Реквием по живущему | страница 65
Так говорил мой отец, вспоминая.
А Одинокий от этого смеха вроде как побледнел, стал со стула, отыскал в углу кадку, поднял крышку, зачерпнул ковшом внутри и поднес лавочнику воды, а когда тот напился и растворил в ней свой горький смех, сказал: «Верни бумагу, верни — сразу полегчает». А тот замотал головой и поперхнулся, и чуть было снова не ударился в хохот, но все ж таки совладал со своей неспокойной спиной и сказал: «Думаете, я по нему плакать буду? Да я на него плевать хотел. Плевать мне на этого очкастого борова!.. И на рога его плевать! Я, может, очень даже рад, что так оно все приключилось!.. Вам-то почем знать, что у меня на сердце?.. Может, у меня счастье на сердце. Такое счастье, что и на убытки мне наплевать! И на вас наплевать... Уж это точно, что наплевать... На вас-то, положим, мне всегда наплевать. Так наплевать, что возьму вот и впрямь бумажку вам задарма подарю! Ага! А что? Я могу. Что, не верите? Чего зенки вылупили? Не ве-рите!.. А вот коли не верите, так и не стану дарить! Да и с какой такой необходимости? Лучше уж отдам городовому и скажу еще, что мальчишка, мол, подкупить пытался — это чтоб разом обоих в острог укатали, а еще ловчее — прямиком на каторгу, в Сибирь! Слышите, олухи? В Сибирь да в снега по колено! И кто сказал, что он мне друг? Плевать мне на дружбу! На нее — тоже! Не верю я ни в какую дружбу. Не желаю дружбы! И разве я ему виноват, что женился? Сам я вон до седых волос дожил, до гула в мозгах, а все не женат. А ему будто приспичило... А эти-то! Неужто ж вы и вправду решили, что в глупой бумажонке дело? Да кому она нужна! Да я б и на тыщу бумажонок не взглянул, коли б спровадить его нужды не было! Коли б не требовалось свою подлость, как срам, от людей той бумажкой прикрыть! А они, гляди-ка, о себе и возомнили, а сами-то — засранцы. За-сран...»

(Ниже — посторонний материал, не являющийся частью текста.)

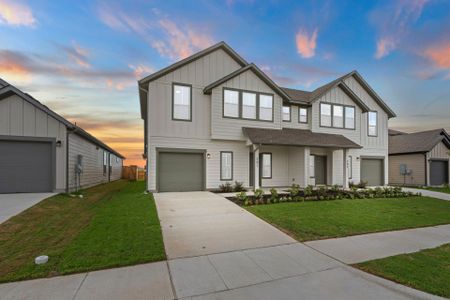 New construction Single-Family house 201 Backwood Pass, Taylor, TX 76574 plan Daisy - image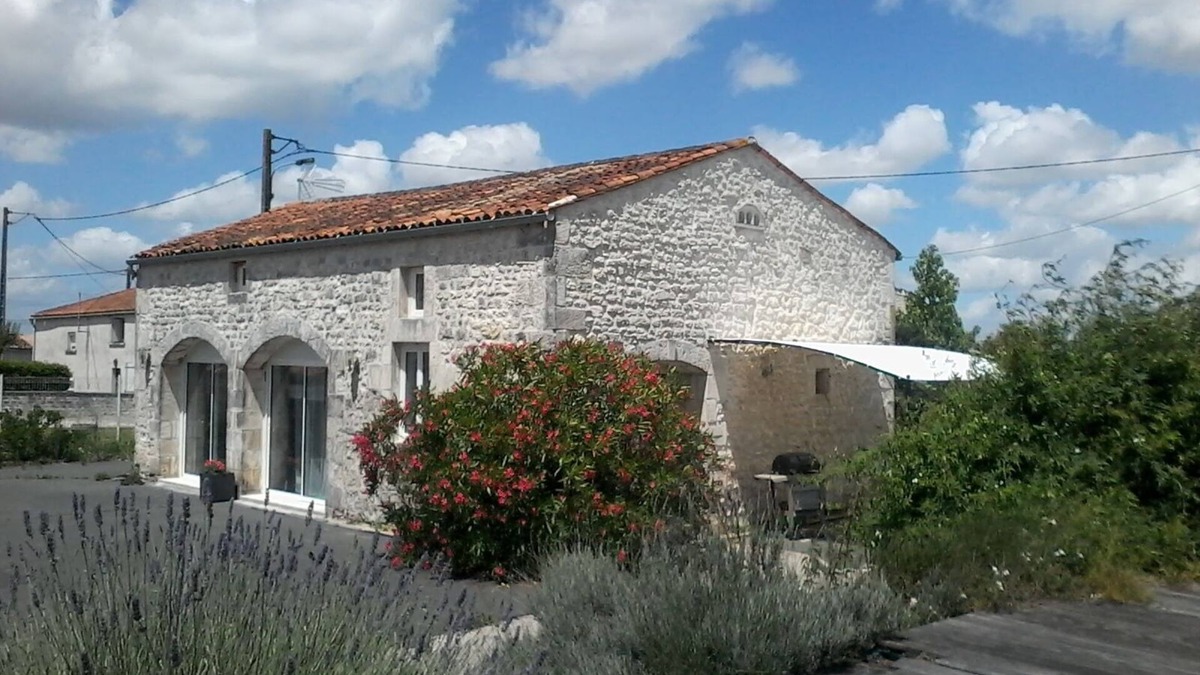 Pons Cottage | Air-conditioned gîte* "le pigeonnier"- prepared beds + bathroom linen provided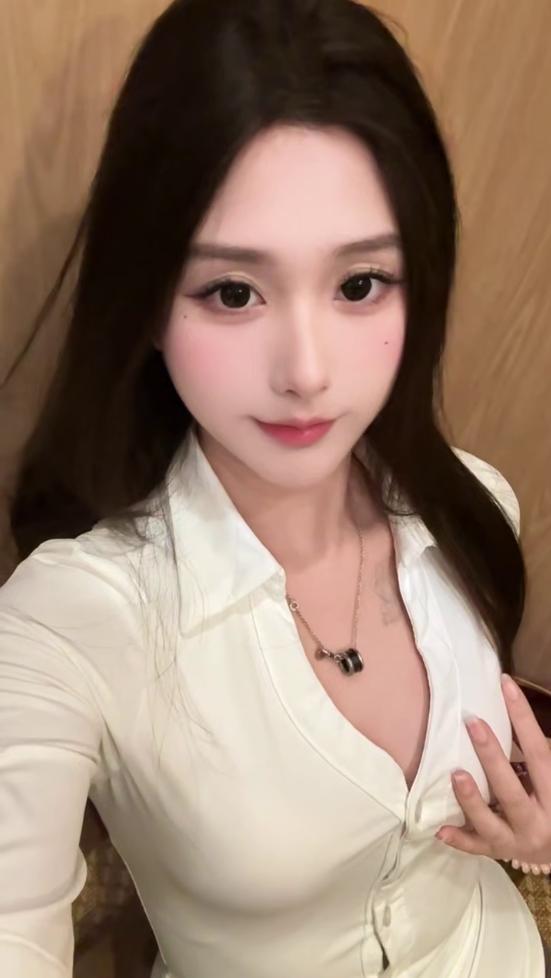 【南通】嘴巴小小的深喉很舒服-风悦楼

Но тут Одинокий, вскочив на ноги, швыряет ему остатки воды в лицо, хватает за грудки и что-то шипит. И мой отец, плохо разобрав, о чем это лавочник там ругался, видит вдруг, что Одинокий подпер тому ж глотку кинжалом. Отец простирает к ним руки, готовится что-то сказать и оторвать Одинокого от криво ухмыляющегося, мокрого лавочника, но внезапно кто-то стучит снаружи в дверь, и они застывают, прислушавшись. Стук повторяется вновь, немного выжидает, а потом уже не смолкает вовсе, и лавочник тихо говорит, опасаясь качнуть залитой своей головой: «Бесполезно. Она все равно не уйдет. Наверно, со своего двора нас заметила».— «Она? Ты сказал — она?» — переспрашивает Одинокий. «Его жена»,— отвечает лавочник, и Одинокий, поразмыслив, вкладывает кинжал в ножны и говорит: «Отопри».— «Только не надо при ней...— просит лавочник, отряхивая с рубахи воду. У него дрожит подбородок, по телу мечутся руки.— Она... Подготовить бы надо. Я сам... После... А?» — «Хорошо,— говорит Одинокий.— Потом дотолкуем».— «Ага. Конечно! Конечно, потом»,— часто и как-то больно уж некрасиво, уродливо повторяет тот, наскоро вытерев голову сорванным с вешалки полотенцем, и отец в изумлении думает, что прежде страха в нем, в русском, не было, даже когда кинжал ему к горлу приставили — и то не было, а вот, поди ж ты, стоило стук услыхать, как разом залебезил. С чего бы это?